Your copy should begin at the line containing "2021年第一批民營企業(y" and end at the last line of the records; transcribe those lines exactly and leave out every picture.

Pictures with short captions
◆ ◆ ◆ ◆ ◆ ◆ ◆

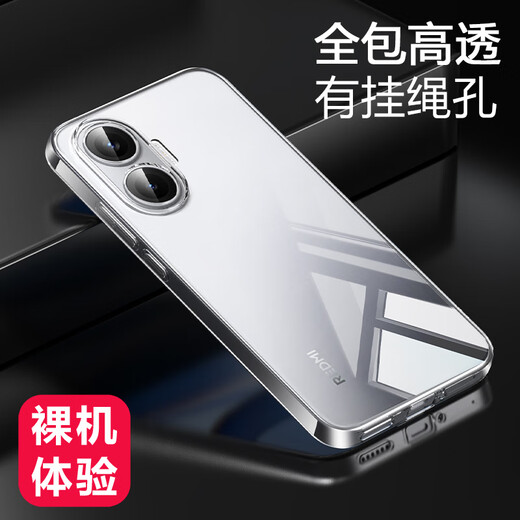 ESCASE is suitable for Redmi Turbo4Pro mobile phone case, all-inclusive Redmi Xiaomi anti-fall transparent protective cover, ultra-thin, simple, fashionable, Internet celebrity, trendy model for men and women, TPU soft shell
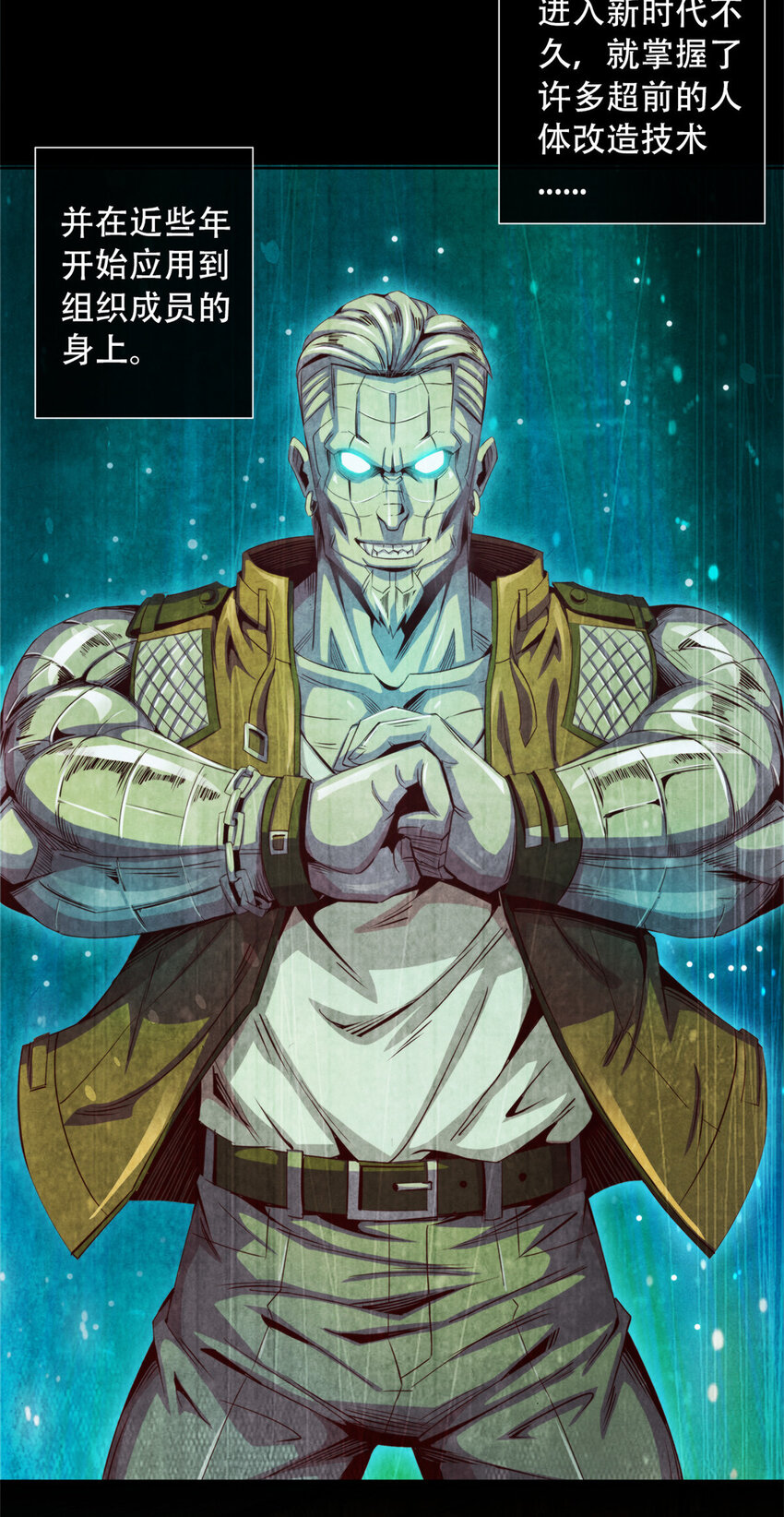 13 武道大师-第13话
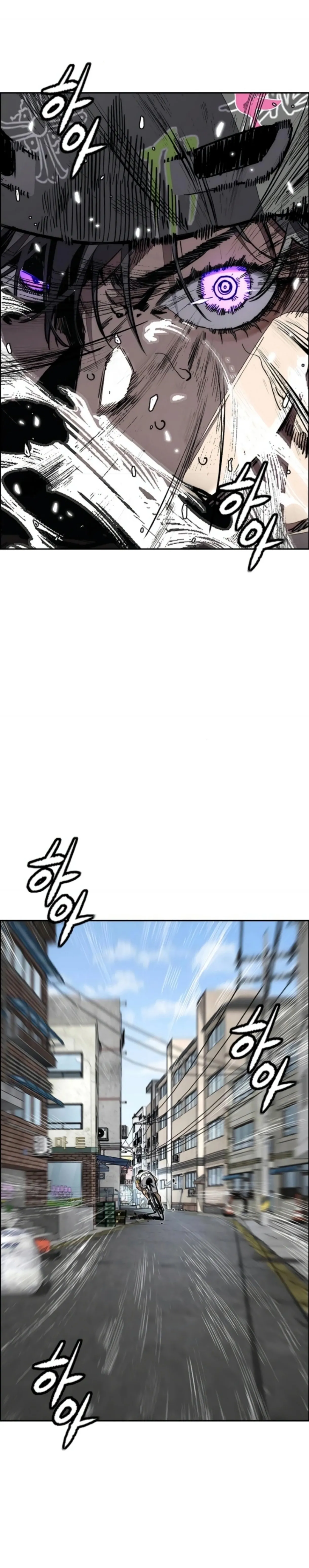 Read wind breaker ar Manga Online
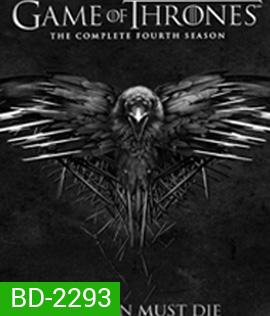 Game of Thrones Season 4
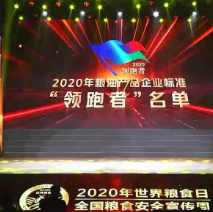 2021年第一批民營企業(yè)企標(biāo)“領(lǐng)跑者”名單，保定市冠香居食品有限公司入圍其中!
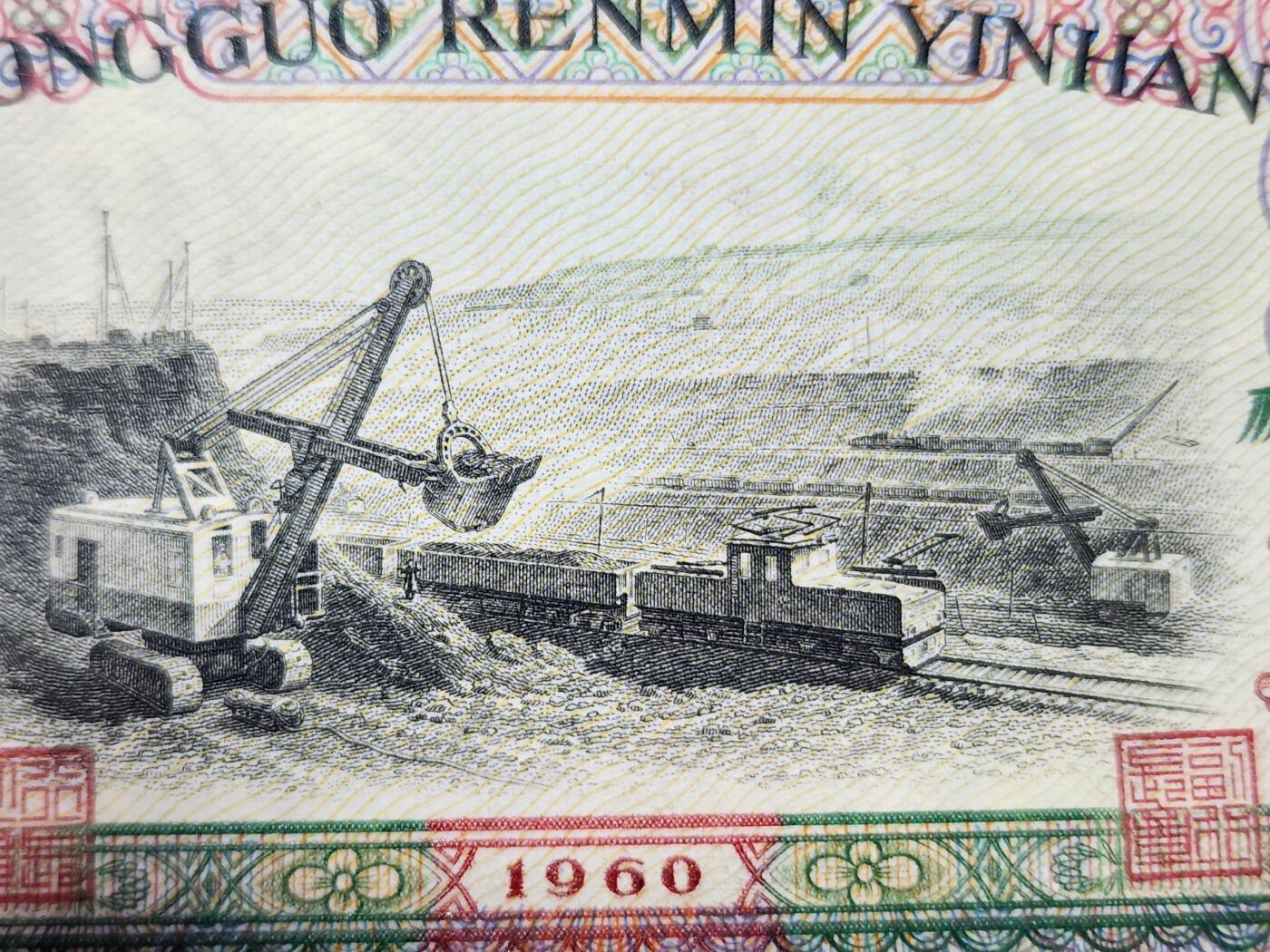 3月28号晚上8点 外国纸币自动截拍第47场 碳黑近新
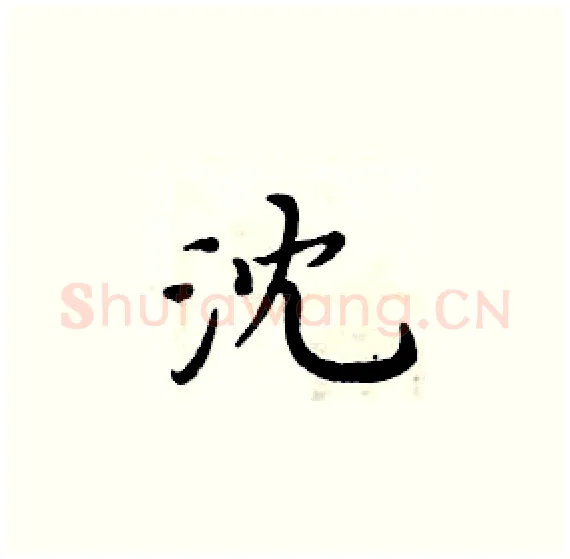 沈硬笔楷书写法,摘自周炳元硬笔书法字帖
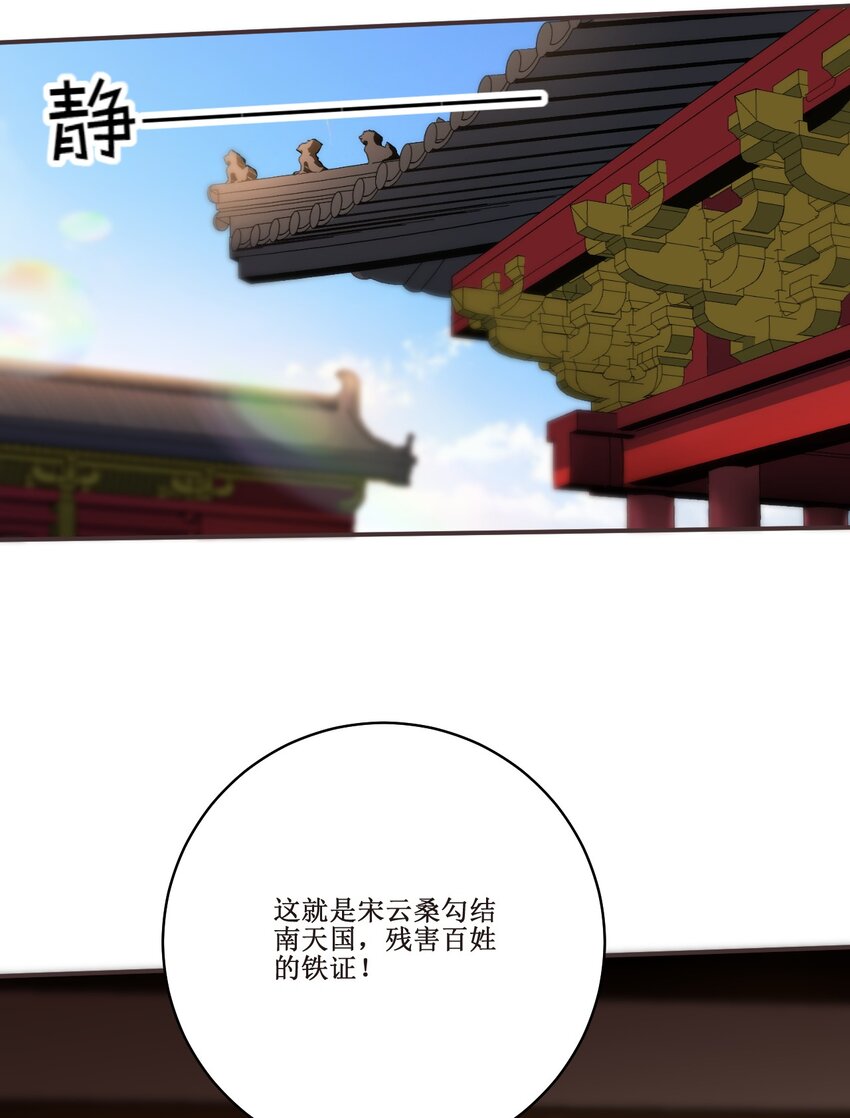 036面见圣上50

◆ ◆ ◆ ◆ ◆ ◆ ◆

Finished exercise:
 2021年第一批民營企業(yè)企標(biāo)“領(lǐng)跑者”名單，保定市冠香居食品有限公司入圍其中!
 3月28号晚上8点 外国纸币自动截拍第47场 碳黑近新
 沈硬笔楷书写法,摘自周炳元硬笔书法字帖
 036面见圣上50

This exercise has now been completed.